Look through the data below for the line with "M.A. Ford - #3" and the line with "Graco Pro Xp 60 AA WB Instructies", then output those two and all lines in between, exactly as written.

◆ Stored data:
* * * * * * * * *

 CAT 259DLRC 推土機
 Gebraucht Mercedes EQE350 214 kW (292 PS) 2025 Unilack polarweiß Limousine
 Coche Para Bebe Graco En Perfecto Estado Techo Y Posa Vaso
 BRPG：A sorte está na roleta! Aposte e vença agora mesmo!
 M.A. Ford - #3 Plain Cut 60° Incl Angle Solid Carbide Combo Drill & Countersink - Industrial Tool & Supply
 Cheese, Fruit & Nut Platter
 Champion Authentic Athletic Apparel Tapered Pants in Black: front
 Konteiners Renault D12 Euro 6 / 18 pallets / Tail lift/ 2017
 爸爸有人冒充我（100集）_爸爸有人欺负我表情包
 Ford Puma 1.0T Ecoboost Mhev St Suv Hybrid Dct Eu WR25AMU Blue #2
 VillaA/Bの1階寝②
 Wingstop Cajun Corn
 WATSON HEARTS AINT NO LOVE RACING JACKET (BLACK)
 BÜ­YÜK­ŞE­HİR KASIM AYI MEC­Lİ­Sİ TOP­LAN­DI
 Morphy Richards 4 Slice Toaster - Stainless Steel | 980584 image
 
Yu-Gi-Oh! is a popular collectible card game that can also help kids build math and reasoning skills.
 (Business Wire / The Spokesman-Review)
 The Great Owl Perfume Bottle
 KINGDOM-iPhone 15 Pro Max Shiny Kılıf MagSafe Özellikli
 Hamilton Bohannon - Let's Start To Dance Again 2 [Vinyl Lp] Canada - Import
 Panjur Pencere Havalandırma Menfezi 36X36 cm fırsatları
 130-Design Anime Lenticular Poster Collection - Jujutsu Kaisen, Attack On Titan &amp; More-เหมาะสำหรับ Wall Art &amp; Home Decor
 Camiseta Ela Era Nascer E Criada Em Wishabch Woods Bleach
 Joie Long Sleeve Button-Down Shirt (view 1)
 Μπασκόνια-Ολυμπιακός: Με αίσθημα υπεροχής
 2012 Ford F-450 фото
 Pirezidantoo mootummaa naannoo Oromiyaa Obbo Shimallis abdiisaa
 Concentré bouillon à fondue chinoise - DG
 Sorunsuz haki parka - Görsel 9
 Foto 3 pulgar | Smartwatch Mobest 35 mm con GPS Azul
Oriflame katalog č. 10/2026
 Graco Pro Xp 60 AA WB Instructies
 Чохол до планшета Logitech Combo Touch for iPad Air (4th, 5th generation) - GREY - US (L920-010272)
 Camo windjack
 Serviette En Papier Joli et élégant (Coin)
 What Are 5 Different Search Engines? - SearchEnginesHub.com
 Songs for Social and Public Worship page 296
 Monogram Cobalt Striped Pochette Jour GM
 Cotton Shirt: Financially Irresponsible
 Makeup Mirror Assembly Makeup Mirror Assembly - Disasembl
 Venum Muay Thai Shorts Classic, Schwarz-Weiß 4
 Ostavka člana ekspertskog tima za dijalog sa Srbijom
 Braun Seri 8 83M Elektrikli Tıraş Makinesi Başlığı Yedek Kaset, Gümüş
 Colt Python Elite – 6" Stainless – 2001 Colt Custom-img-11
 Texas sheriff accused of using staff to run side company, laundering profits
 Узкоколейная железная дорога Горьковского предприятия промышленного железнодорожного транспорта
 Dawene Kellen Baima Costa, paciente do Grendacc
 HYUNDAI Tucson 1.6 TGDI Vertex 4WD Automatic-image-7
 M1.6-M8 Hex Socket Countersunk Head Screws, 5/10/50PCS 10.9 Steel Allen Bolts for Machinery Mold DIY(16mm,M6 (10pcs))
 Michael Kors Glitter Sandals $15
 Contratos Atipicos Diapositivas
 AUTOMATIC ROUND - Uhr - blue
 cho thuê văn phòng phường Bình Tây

* * * * * * * * *

◆ Answer space:
 M.A. Ford - #3 Plain Cut 60° Incl Angle Solid Carbide Combo Drill & Countersink - Industrial Tool & Supply
 Cheese, Fruit & Nut Platter
 Champion Authentic Athletic Apparel Tapered Pants in Black: front
 Konteiners Renault D12 Euro 6 / 18 pallets / Tail lift/ 2017
 爸爸有人冒充我（100集）_爸爸有人欺负我表情包
 Ford Puma 1.0T Ecoboost Mhev St Suv Hybrid Dct Eu WR25AMU Blue #2
 VillaA/Bの1階寝②
 Wingstop Cajun Corn
 WATSON HEARTS AINT NO LOVE RACING JACKET (BLACK)
 BÜ­YÜK­ŞE­HİR KASIM AYI MEC­Lİ­Sİ TOP­LAN­DI
 Morphy Richards 4 Slice Toaster - Stainless Steel | 980584 image
 
Yu-Gi-Oh! is a popular collectible card game that can also help kids build math and reasoning skills.
 (Business Wire / The Spokesman-Review)
 The Great Owl Perfume Bottle
 KINGDOM-iPhone 15 Pro Max Shiny Kılıf MagSafe Özellikli
 Hamilton Bohannon - Let's Start To Dance Again 2 [Vinyl Lp] Canada - Import
 Panjur Pencere Havalandırma Menfezi 36X36 cm fırsatları
 130-Design Anime Lenticular Poster Collection - Jujutsu Kaisen, Attack On Titan &amp; More-เหมาะสำหรับ Wall Art &amp; Home Decor
 Camiseta Ela Era Nascer E Criada Em Wishabch Woods Bleach
 Joie Long Sleeve Button-Down Shirt (view 1)
 Μπασκόνια-Ολυμπιακός: Με αίσθημα υπεροχής
 2012 Ford F-450 фото
 Pirezidantoo mootummaa naannoo Oromiyaa Obbo Shimallis abdiisaa
 Concentré bouillon à fondue chinoise - DG
 Sorunsuz haki parka - Görsel 9
 Foto 3 pulgar | Smartwatch Mobest 35 mm con GPS Azul
Oriflame katalog č. 10/2026
 Graco Pro Xp 60 AA WB Instructies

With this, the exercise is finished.